以上で述べた話し手の感情については、映画におけるought toの例でも観察することができます。(3)はため息をつきながら、救助隊である話者クルーズが中隊長ケイシーのふるまいを批判している場面ですが、ここではought toを用いることで話し手の焦燥感を表しています。
(3) I mean, you know I love Casey. But he ought to have more respect for Rescue Squad. (つまり、私がケイシーを好きなことは知ってるよね。でも、彼は救助隊にもっと敬意を払うべきですよ。)<00:12:29>
『シカゴ・ファイア』(Chicago Fire, Season 6, Episode 5, 2017)
Ought toが表す,話し手の感情は焦燥感だけではありません。たとえば次の例は話者ミッキーが「怒り」を露わにして責めている場面です。
(4) After all these years together, you don’t know what to do? You ought to be ashamed of yourself. Now, get out there and do it!(これまで何年も一緒にボクシングをしてきて、お前はどうしたらいいのかわからないのか?恥を知れ。さあ、ここから出て行って、戦うんだ!)<00:41:30>
『ロッキー 3』(Rocky III, 1982)
一方、下の(5)は別れて家を出ると告げた夫に対して、長年連れ添った話者Roseが涙を流しながら別の人生を送るよう告げている場面ですが、このような場合も妻の「悔しさ」や「悲しさ」といった感情を伴っているため、shouldよりもought toが好まれると考えられます。

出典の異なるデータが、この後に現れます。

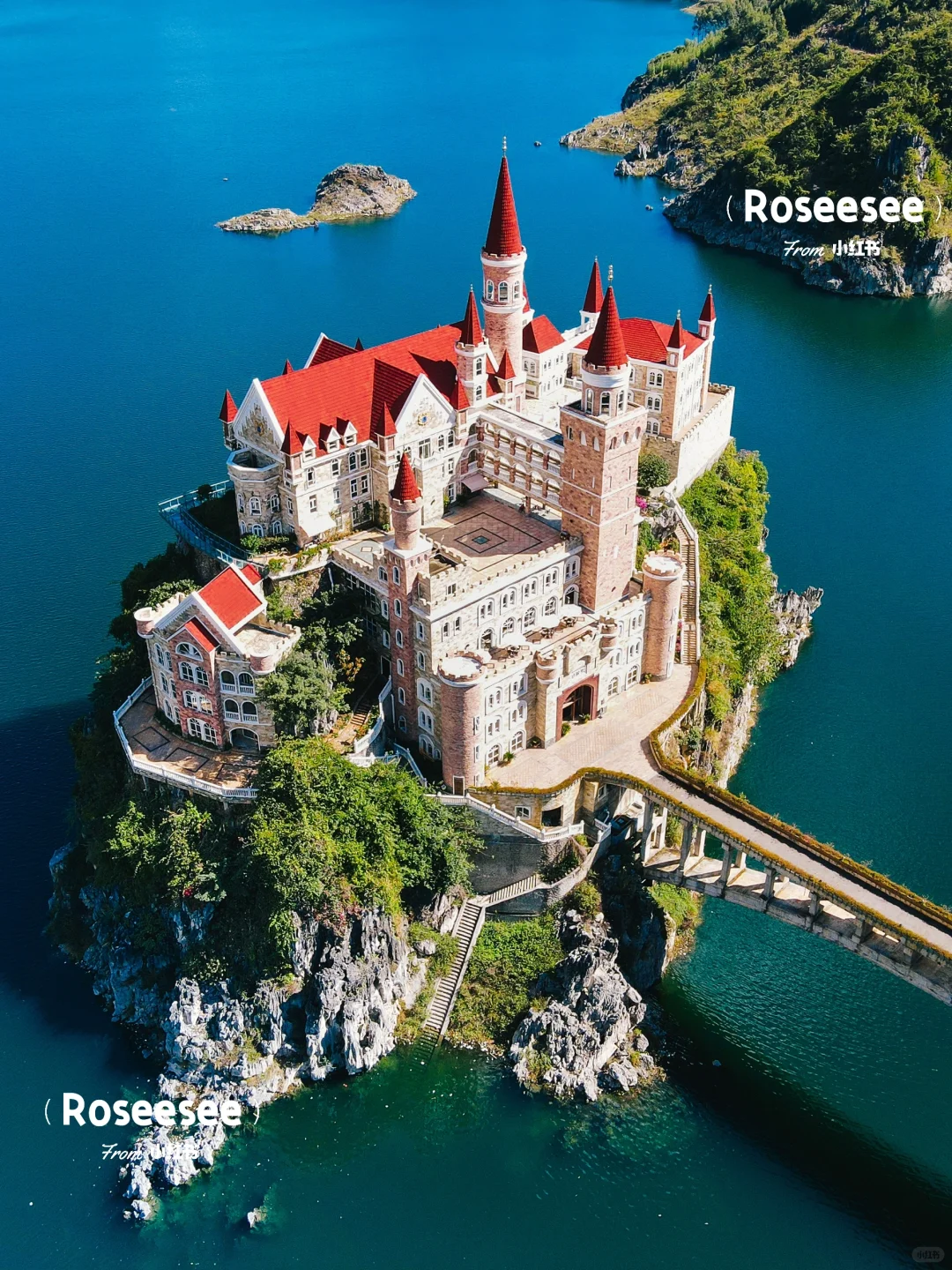 18个国内小众景美旅行地🗿深深被震撼～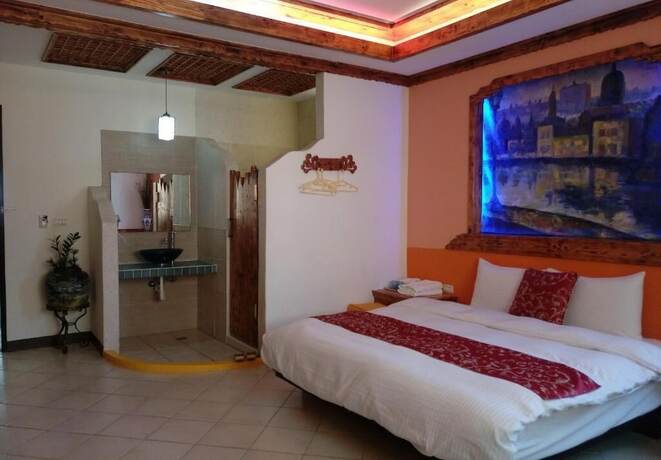 Imagen general del Hotel Xing Yu Inn. Foto 15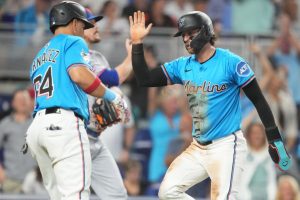 Mets Marlins Baseball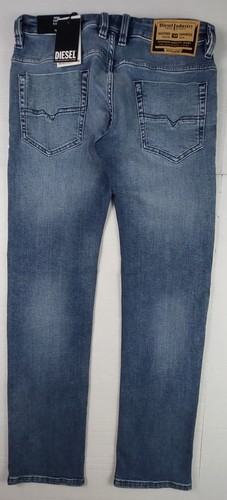Diesel safado straight jeans - safado-x,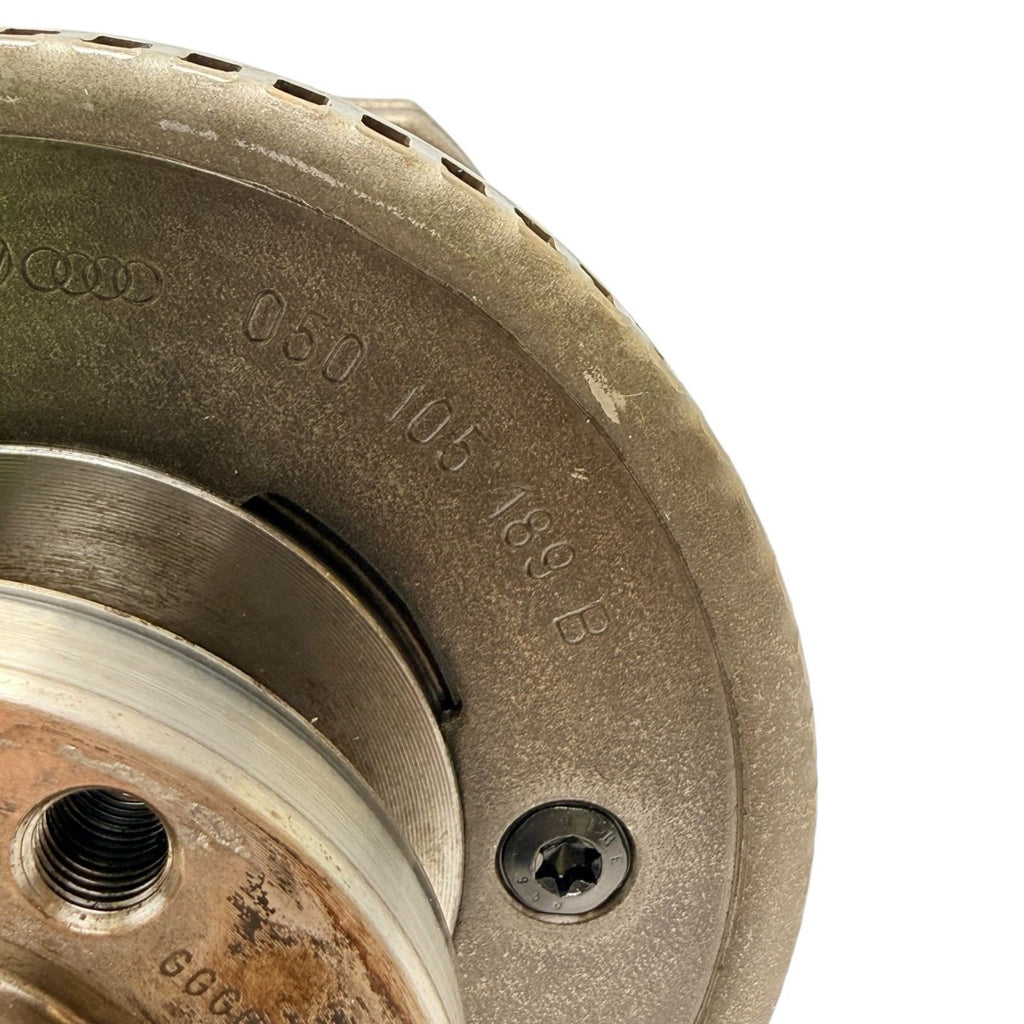 2012 - 2013 Volkswagen Golf R Crankshaft OEM Engine Code CRZA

(5) Well, maybe you ought to go on and stay down there with her. (じゃあ、そのままその女性と一緒に暮らした方がいいんじゃないの。)<01:19:28>
『フェンス』(Fences, 2016)
このように、ought toが使われる場合には、上記のような「話し手の感情」を伴う傾向があると言えます。もし映画を見ていて使用例を見つけたら、セリフが発せられる状況と話し手がどのような感情を交えて発話しているのかに注目してみてください。